Du fait de leur situation précaire, les jeunes concernés sont néanmoins tiraillés entre leurs réflexions momentanées sur leur possible départ et leur profond attachement à leur pays d’origine et leur famille. L’émigration n’est aucunement perçue comme une « solution facile pour s’échapper ».

La migration des travailleurs a essentiellement lieu dans le monde arabe. Mais elle est aussi marquée par l’histoire, les anciens rapports coloniaux et les affinités linguistiques.

Dans les pays d’accueil, l’immobilité souvent imposée se traduit par une nouvelle insécurité au quotidien même après des déplacements forcés.

6. Les moyens de communication sont surtout utilisés à des fins privées

L’utilisation des médias converge dans le monde entier. Dans les pays arabes aussi, on dispose des mêmes technologies et types de communication. Pourtant, en raison de la méfiance de longue date à l’égard des médias et de la recrudescence récente du désengagement des jeunes de l’actualité politique, on voit se dessiner un changement dans l’utilisation des médias.
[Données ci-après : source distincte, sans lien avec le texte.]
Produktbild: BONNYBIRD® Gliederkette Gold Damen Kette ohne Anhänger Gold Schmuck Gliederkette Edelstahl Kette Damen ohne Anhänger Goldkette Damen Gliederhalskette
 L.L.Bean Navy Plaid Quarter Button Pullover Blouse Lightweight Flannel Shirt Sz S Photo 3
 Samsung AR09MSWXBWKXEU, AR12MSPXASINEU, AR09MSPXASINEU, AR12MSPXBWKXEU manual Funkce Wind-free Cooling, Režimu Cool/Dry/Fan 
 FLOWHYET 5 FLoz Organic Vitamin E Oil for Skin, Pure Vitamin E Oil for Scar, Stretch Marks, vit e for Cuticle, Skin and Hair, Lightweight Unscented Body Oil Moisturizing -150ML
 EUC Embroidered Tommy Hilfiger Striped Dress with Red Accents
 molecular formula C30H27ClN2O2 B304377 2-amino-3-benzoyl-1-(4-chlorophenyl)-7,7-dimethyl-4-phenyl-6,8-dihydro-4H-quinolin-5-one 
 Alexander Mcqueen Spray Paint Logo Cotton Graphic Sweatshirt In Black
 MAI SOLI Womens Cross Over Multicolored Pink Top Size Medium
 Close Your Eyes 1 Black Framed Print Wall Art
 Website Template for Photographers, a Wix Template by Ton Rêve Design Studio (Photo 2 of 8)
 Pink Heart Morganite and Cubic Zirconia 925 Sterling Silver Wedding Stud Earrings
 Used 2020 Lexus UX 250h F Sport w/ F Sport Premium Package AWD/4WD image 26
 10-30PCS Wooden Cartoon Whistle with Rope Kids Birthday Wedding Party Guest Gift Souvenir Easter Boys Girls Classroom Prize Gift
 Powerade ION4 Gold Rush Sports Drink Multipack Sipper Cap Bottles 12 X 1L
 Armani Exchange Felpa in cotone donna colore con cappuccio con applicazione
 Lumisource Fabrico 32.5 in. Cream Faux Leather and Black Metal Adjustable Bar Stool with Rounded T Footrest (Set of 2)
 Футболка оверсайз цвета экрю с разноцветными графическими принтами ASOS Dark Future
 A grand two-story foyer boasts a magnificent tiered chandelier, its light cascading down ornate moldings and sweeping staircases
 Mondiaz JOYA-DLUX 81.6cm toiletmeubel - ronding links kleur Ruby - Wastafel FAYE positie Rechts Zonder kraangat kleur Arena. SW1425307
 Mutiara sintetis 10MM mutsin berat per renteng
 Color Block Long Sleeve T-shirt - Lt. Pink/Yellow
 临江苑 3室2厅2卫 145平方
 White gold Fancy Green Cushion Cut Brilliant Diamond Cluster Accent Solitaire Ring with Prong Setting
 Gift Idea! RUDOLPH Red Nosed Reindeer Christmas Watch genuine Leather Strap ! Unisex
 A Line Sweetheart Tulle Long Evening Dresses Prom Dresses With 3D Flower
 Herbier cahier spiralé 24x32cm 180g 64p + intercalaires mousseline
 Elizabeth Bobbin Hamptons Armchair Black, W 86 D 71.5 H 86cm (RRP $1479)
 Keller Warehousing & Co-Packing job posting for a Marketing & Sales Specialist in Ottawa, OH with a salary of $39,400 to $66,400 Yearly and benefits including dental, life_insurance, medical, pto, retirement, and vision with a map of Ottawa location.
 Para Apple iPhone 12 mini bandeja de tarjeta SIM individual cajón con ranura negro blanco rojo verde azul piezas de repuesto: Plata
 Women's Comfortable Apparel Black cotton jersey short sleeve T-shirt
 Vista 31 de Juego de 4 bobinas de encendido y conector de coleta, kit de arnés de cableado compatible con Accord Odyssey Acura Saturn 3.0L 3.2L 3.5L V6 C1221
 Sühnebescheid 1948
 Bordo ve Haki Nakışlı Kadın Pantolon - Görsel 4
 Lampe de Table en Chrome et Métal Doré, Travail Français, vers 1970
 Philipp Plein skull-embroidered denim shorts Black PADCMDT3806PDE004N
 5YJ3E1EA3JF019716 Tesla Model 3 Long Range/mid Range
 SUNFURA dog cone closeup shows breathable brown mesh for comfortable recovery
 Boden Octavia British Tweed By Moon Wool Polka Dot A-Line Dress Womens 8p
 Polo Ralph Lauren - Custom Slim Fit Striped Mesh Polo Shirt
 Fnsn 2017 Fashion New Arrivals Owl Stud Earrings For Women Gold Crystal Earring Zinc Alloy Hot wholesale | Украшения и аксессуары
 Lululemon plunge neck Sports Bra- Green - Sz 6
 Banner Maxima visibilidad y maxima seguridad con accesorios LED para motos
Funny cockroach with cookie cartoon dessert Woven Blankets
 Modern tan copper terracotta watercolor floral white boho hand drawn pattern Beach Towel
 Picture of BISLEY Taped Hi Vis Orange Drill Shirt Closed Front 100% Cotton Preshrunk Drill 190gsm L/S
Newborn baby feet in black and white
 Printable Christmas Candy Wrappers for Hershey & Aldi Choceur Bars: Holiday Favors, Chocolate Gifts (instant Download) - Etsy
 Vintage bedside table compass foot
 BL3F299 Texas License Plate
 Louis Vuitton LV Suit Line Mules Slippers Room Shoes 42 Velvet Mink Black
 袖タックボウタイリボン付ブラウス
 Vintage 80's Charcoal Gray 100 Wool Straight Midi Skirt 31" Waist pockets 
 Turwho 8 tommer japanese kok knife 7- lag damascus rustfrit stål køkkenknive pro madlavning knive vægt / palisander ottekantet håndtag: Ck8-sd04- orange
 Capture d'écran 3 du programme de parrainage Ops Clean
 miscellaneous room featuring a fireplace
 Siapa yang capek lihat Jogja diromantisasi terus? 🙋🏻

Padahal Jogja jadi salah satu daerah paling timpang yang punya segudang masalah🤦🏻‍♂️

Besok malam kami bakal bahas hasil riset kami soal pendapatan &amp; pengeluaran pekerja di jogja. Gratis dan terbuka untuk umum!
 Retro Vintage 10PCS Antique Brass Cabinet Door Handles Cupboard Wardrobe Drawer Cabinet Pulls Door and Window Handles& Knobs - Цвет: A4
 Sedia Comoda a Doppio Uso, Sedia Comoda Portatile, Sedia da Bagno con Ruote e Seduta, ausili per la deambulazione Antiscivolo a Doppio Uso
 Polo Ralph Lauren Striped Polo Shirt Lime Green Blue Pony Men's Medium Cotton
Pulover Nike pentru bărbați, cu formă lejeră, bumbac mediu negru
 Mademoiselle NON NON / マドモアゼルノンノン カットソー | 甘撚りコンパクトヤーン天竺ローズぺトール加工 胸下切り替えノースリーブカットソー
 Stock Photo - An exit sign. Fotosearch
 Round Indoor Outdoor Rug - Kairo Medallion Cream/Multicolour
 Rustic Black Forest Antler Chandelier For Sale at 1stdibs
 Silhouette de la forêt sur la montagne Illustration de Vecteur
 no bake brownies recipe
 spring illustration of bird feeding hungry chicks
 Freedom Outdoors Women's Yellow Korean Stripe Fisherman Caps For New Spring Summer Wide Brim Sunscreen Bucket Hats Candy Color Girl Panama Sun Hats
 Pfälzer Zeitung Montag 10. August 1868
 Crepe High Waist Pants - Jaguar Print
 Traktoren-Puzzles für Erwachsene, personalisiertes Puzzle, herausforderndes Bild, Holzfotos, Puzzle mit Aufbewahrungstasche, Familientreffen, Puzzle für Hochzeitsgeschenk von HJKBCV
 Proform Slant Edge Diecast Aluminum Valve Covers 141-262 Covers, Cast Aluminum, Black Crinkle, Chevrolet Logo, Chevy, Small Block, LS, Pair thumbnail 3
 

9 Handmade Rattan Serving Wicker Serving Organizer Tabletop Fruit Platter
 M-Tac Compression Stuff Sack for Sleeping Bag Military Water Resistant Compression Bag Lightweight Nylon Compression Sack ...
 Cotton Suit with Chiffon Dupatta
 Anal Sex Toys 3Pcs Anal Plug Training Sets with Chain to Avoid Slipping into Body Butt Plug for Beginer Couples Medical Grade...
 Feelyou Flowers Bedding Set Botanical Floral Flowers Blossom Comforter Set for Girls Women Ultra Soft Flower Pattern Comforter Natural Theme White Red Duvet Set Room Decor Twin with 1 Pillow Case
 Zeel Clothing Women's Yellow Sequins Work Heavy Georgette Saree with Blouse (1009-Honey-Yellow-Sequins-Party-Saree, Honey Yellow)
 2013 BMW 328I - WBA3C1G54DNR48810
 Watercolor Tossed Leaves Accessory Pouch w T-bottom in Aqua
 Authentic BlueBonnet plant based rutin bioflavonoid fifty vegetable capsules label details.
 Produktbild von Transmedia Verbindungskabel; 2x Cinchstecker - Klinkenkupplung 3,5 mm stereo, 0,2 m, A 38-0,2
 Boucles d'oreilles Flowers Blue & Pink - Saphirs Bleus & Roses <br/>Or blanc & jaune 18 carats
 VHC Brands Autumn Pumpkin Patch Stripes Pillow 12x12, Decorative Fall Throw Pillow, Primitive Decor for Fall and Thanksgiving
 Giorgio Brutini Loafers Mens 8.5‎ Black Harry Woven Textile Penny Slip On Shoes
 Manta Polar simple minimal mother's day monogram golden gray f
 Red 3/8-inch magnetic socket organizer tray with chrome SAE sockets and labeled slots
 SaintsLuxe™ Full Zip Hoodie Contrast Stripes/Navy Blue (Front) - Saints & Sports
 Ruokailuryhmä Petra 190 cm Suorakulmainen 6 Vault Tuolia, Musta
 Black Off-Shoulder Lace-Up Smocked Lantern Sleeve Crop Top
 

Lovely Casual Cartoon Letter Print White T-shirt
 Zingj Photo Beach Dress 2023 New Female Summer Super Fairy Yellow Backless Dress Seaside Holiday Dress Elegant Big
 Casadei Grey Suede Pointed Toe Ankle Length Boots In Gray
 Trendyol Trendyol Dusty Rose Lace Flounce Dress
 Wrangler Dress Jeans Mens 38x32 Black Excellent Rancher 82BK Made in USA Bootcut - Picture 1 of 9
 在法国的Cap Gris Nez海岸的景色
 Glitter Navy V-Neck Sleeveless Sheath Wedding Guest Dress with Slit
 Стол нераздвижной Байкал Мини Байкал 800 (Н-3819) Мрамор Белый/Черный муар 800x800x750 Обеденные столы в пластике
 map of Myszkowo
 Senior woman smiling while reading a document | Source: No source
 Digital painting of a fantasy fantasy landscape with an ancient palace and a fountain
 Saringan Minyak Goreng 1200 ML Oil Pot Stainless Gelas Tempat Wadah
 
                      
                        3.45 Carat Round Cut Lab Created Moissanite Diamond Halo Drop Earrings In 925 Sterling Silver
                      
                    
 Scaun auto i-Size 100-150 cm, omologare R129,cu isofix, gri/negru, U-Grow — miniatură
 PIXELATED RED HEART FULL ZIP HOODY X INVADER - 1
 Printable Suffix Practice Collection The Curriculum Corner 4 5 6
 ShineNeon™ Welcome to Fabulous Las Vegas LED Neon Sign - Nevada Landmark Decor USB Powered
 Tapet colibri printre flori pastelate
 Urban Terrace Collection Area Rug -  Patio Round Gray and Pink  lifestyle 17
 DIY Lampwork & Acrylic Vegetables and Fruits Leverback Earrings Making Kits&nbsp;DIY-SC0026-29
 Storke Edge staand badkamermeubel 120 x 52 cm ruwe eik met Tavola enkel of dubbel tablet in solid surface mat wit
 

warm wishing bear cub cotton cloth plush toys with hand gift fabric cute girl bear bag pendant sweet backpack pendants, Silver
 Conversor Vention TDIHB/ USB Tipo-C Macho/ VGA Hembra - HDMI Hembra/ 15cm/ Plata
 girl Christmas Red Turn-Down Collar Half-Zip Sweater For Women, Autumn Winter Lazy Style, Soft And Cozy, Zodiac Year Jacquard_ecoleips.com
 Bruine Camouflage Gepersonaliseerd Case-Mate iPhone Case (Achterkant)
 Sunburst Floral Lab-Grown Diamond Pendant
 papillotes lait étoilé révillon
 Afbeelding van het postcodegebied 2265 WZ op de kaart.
Les nouveaux médias sont de plus en plus utilisés à des fins de communication privée, notamment sur les réseaux sociaux. Les Smartphones offrent aujourd’hui – comme nul autre appareil – l’accès à Internet et permettent de rester en contact avec ses amis et ses proches, ainsi que d’échanger des produits numériques comme de la musique et des photos.

Dans le même temps, les médias traditionnels, bien que souvent sous contrôle étatique, sont toujours présents et continuent de jouer un rôle important pour les jeunes qui n’ont qu’un accès limité aux médias numériques.

7. Les adolescents et les jeunes adultes prennent leurs distances par rapport à la politique

Les soulèvements de 2011 illustrent le potentiel de politisation des jeunes dans les pays de la région MENA qui n’autorisent souvent qu’une ouverture politique limitée.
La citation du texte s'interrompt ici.